Surrender: to agree to stop fighting, hiding, resisting, etc., because you know that you will not win or succeed
When I first quit drinking, I was told that all I needed to do was surrender my life and my will to the care of a loving higher power. I could choose my own conception of what that meant.
I quickly got rid of the harsh guy in the sky God (never did trust that man)but I didn’t have a whole lot to replace him.
In spite of having been intensely and inexplicably drawn to spiritual concepts and practices, I had no personal relationship with anything bigger than my own mind.
This was a challenge because my mind is clever and quick and kept trying to convince me that I was just about to get this whole life thing sorted out and absolutely did not require any outside assistance.

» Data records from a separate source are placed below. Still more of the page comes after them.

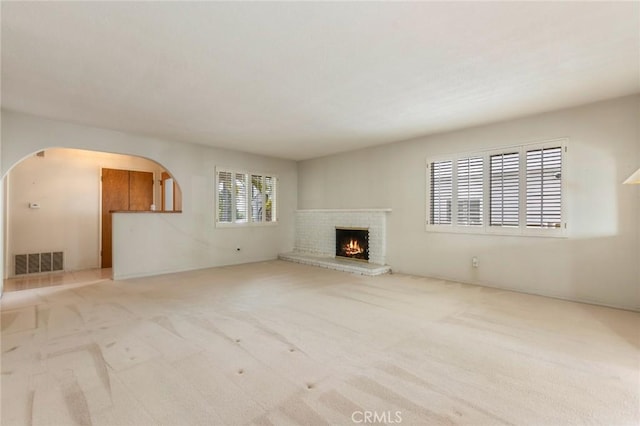 1716 Elm Ave, Manhattan Beach, CA 90266 - unfurnished living room featuring arched walkways, carpet flooring, and a brick fireplace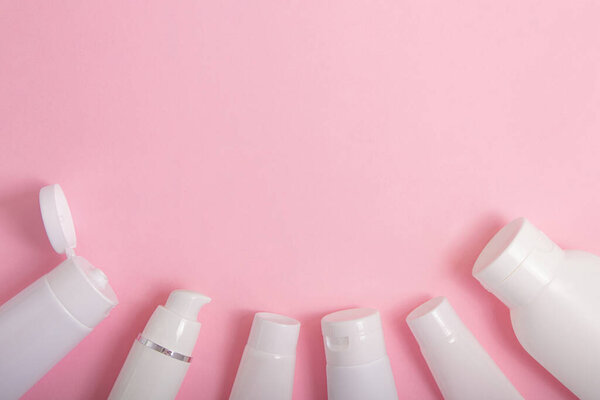 Вид сверху на контейнеры для косметики на розовом фоне с отрицательным пробелом..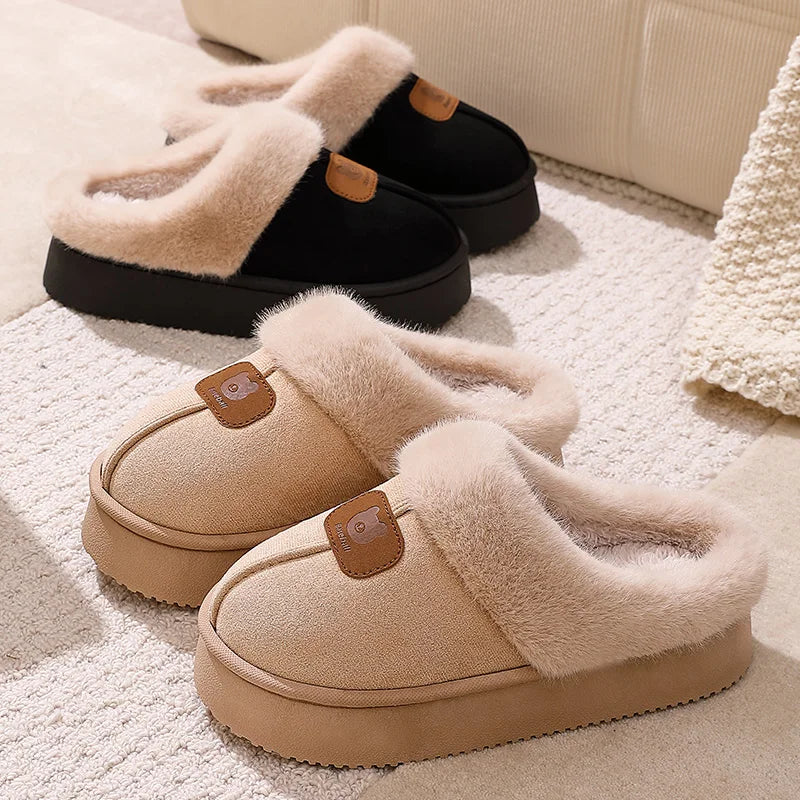 Plush cotton winter slippers on feet showing comfortable cozy winter fit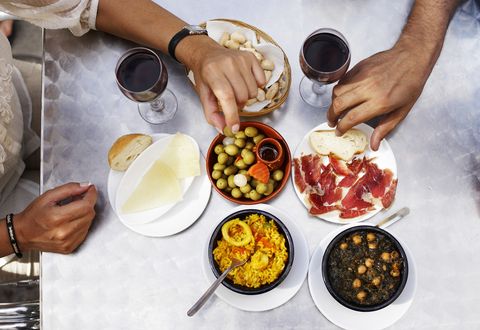 People eating tapas at outdoor restaurant, close-up of hands, overhead view
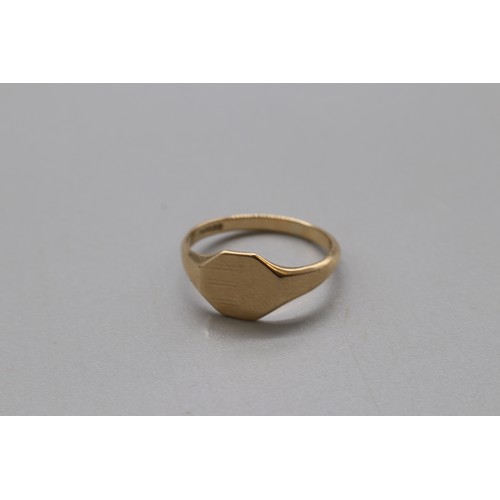 29 - A lot of three hallmarked 9ct yellow gold signet rings, comprising an oval head signet engraved “JCW... 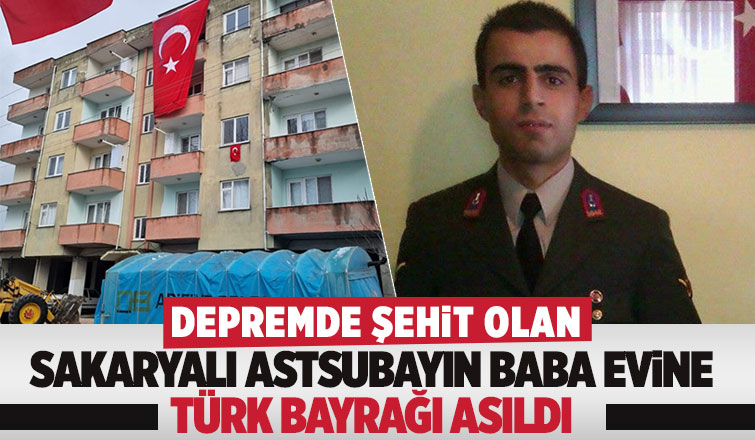 Depremde şehit olan astsubayın evine Türk bayrağı asıldı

Following its best direction had landed me in the same damn hole over and over and it was clear (in moments) that I was going to need another way to navigate my life.

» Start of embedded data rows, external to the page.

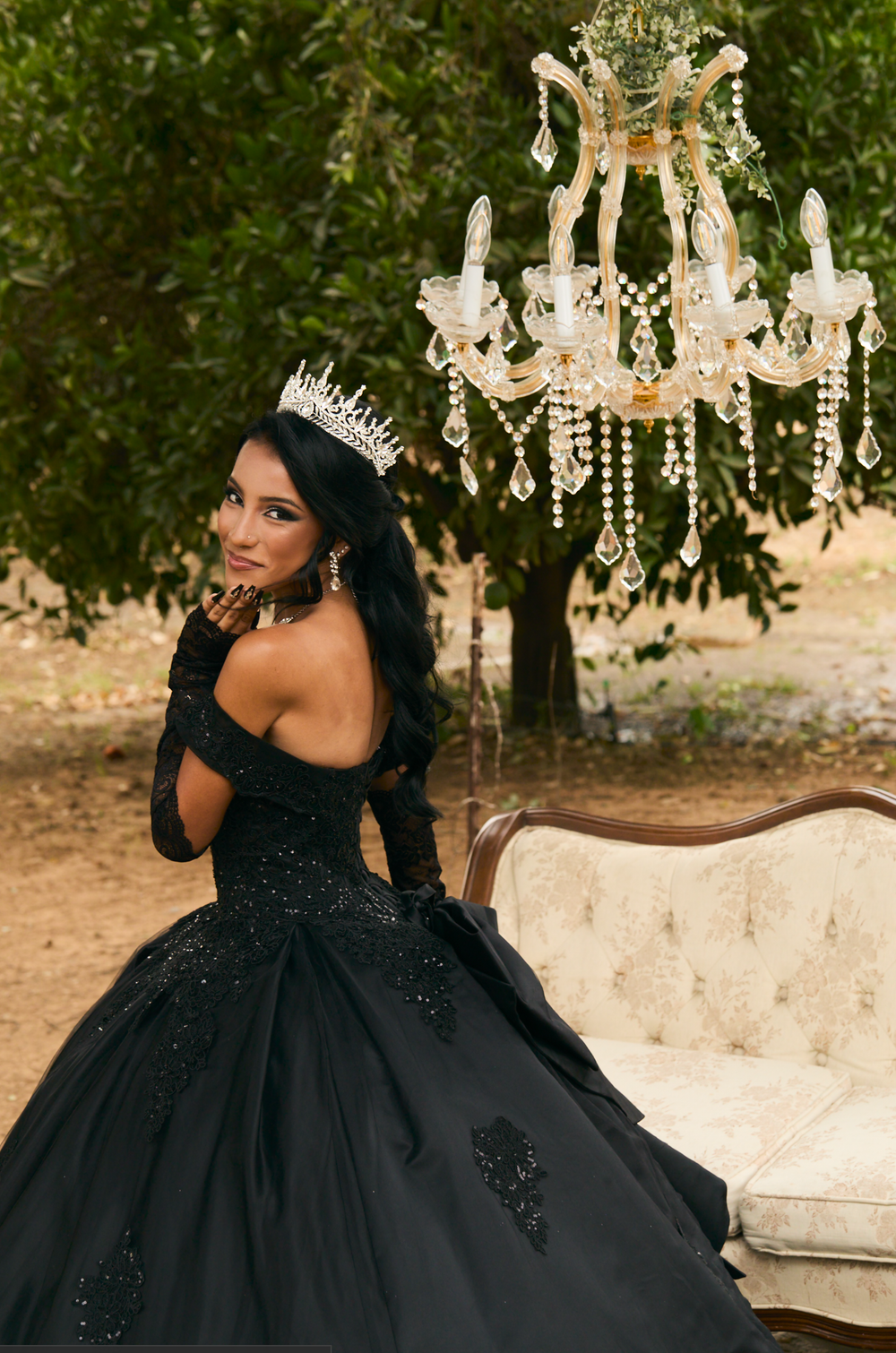 Woman in black ball gown and crown poses elegantly beside vintage sofa under crystal chandelier outdoors.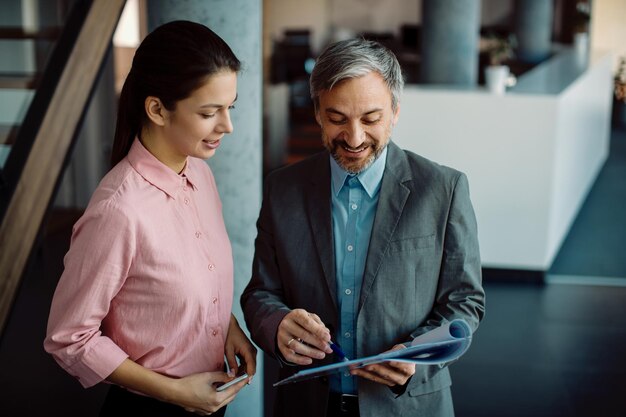 Gelukkige zakelijke collega's die samenwerken terwijl ze door het papierwerk in een gang gaan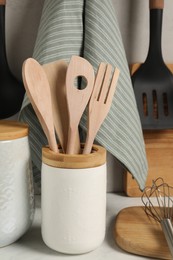 Photo of Set of different kitchen utensils on white table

I am a pretty good student. I want to get the A.
So, I thought: how hard can this surrender thing be? I will just surrender and move along to the next part of the process. Maybe there are even spiritual bonuses for “she who surrenders the best”?

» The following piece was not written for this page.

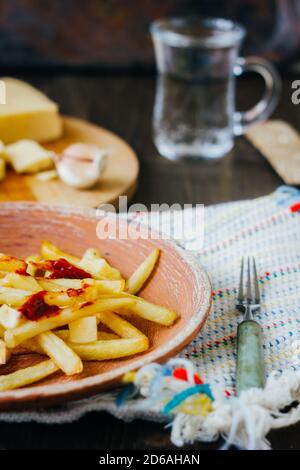 Pommes frites auf schwarzer Oberfläche anprittieren. Kanadisches Gericht mit Kartoffeln, Käse und Sauce Stockfoto
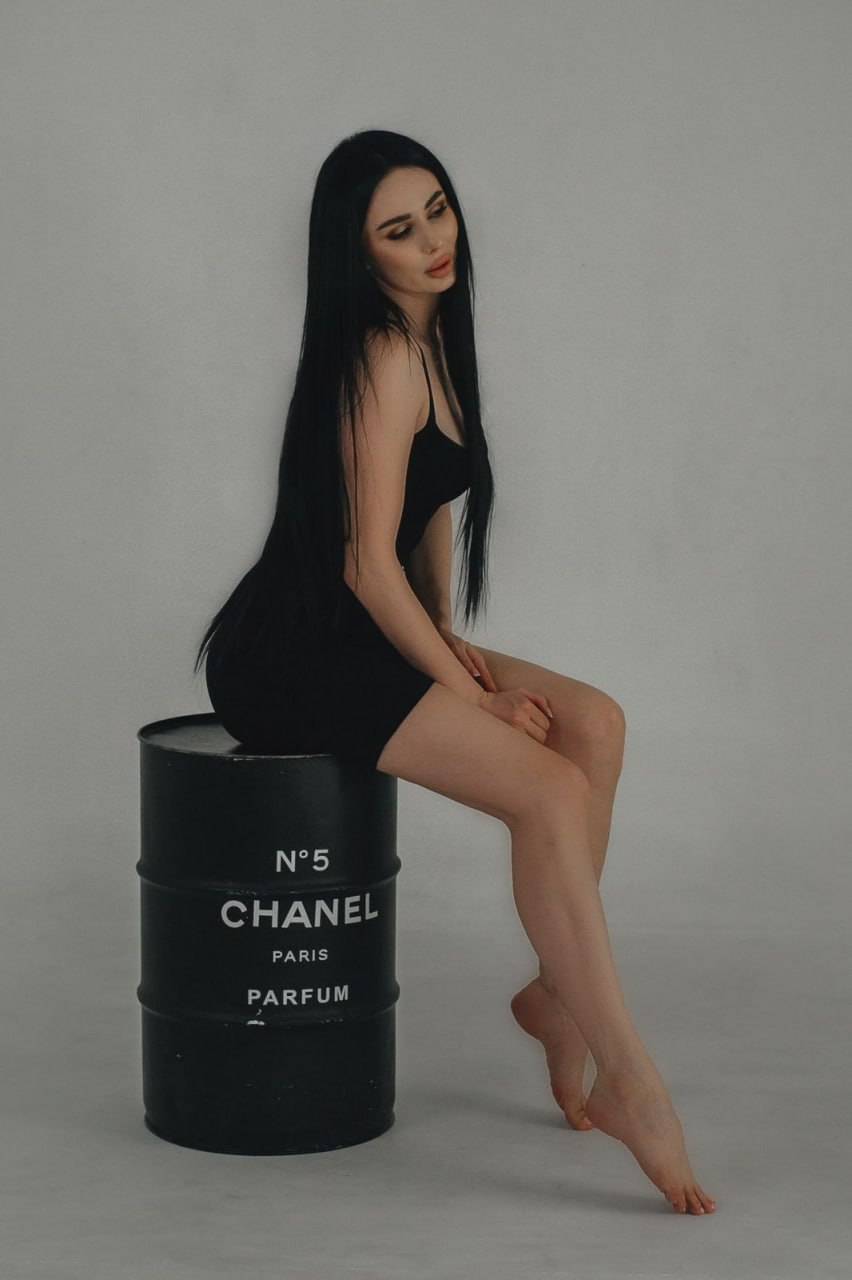 beautiful brunette woman sitting on black Chanel No 5 barrel wearing elegant black mini dress minimalist studio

It was horrifying to discover that, although people could point the way, no one could tell me exactly how to make it happen. I could follow the steps laid out before me but there was no correct way to do it.
In fact, there wasn’t any doing it at all. And the harder I tried, the harder I tried.
I discovered that there was a huge amount of resistance to letting go. Deep down, I was convinced that, lousy as things were, they were sure to get far worse if I stopped holding up the walls.
I see this in my clients all the time, too.
The funny thing is that despite abundant evidence to the contrary (and we need only take a look at the weather, or our children, or the news, or the garden to see that we are not running this thing), we go about living our lives as though we had control.
This misconception gives birth to all manner of life-shrinking attitudes and behaviors. Addiction, eating disorders, disconnection in relationships, sexual dysfunction, spiritual and physical dis-ease.
Being at the mercy of a mind that seeks control (this is the ego’s job and it does it well), is a very small and tight way to live.
Obeying the mind is like going on a comfort and security scavenger hunt, insanity style. “Go over here! You will feel great!” “Nope! It’s this! It’s actually this that that you need!” “Whoa. Check this out!” And all along there’s another voice: “Well, that was dumb. Who do you think you are?” “You need to buckle down and get your shit together.”
The ego mind vacillates between delusions of grandeur or radio KFKD, as Ann Lamott calls it, 24/7.
In spite of this being a painful way to live, letting go usually requires getting bombarded by what Chogyam Trungpa Rinpoche calls “coconuts of wakefulness” that shake us out of the ego’s trance of tight control.
This can take myriad forms but it’s usually some challenge that rips the blinders from our eyes, revealing the truth about control. Illness, hitting bottom, death of someone we cannot stand to loose, loss of relationship.
To name a few.
When the coconuts hit, we always have a choice. We can move toward waking up and letting go or we can move in the opposite direction. In fact, every choice we make moves us in one direction or the other.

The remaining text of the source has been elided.